Jensen believes the same technology could be used for non-invasive surgery by way of photodynamic therapy, targeting individual cells in the body.

“Can we actually see if there’s a problem and then operate remotely using these things? Non-invasively, no cutting open, just even cellularly?” she asked. “Can we get rid of drugs because we can deliver something to a cell?”

Taking advantage of a global supply chain
Jensen holds more than 200 patents. Many stem from her work at Intel, Google, and Facebook, where her patented high-resolution augmented reality glasses were part of CEO Mark Zuckerberg’s vision to get 1 billion AR and virtual reality users.

This work allowed her — as well as companies including Sony and Microsoft — to influence the manufacturing supply chain in Asia, where factories can churn out millions of units per month.

“Everybody wanted smaller pixel sizes for next-generation, high-fidelity virtual reality and augmented reality. So those manufacturing processes had been put in place in the low-margin factories, these multibillion dollar factories that make the world’s screens,” she said.

Jensen looked at that supply chain and saw an opportunity to use the technology in something besides glasses, goggles, or smartphones.

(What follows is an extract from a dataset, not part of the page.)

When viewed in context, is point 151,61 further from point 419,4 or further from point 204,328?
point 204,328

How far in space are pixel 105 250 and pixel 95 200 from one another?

“I just realized ‘Wow, we could do something so much bigger than VR and AR.’ … We’re missing a lot of stuff,” she said.

IP first
One piece of advice Jepsen hears is to form a scientific advisory board for Openwater, as her background is physics and engineering.

Jepsen said she is confident that advisors and collaborators will come. When she co-founded One Laptop per Child with Nicholas Negroponte, it was just the two of them, but so many people wanted to help that “we had to figure out how to take help.”

Plus, she added, product management is a higher priority so that the company can protect its intellectual property.

“People can come kick the tires, but actually we’re just running full blast making this,” Jepsen said. “And we’ll get that, and we’ll do peer-reviewed stuff, but in fact the way this works is you have to file the patents first. Because it’s first to file now, not first to invent.”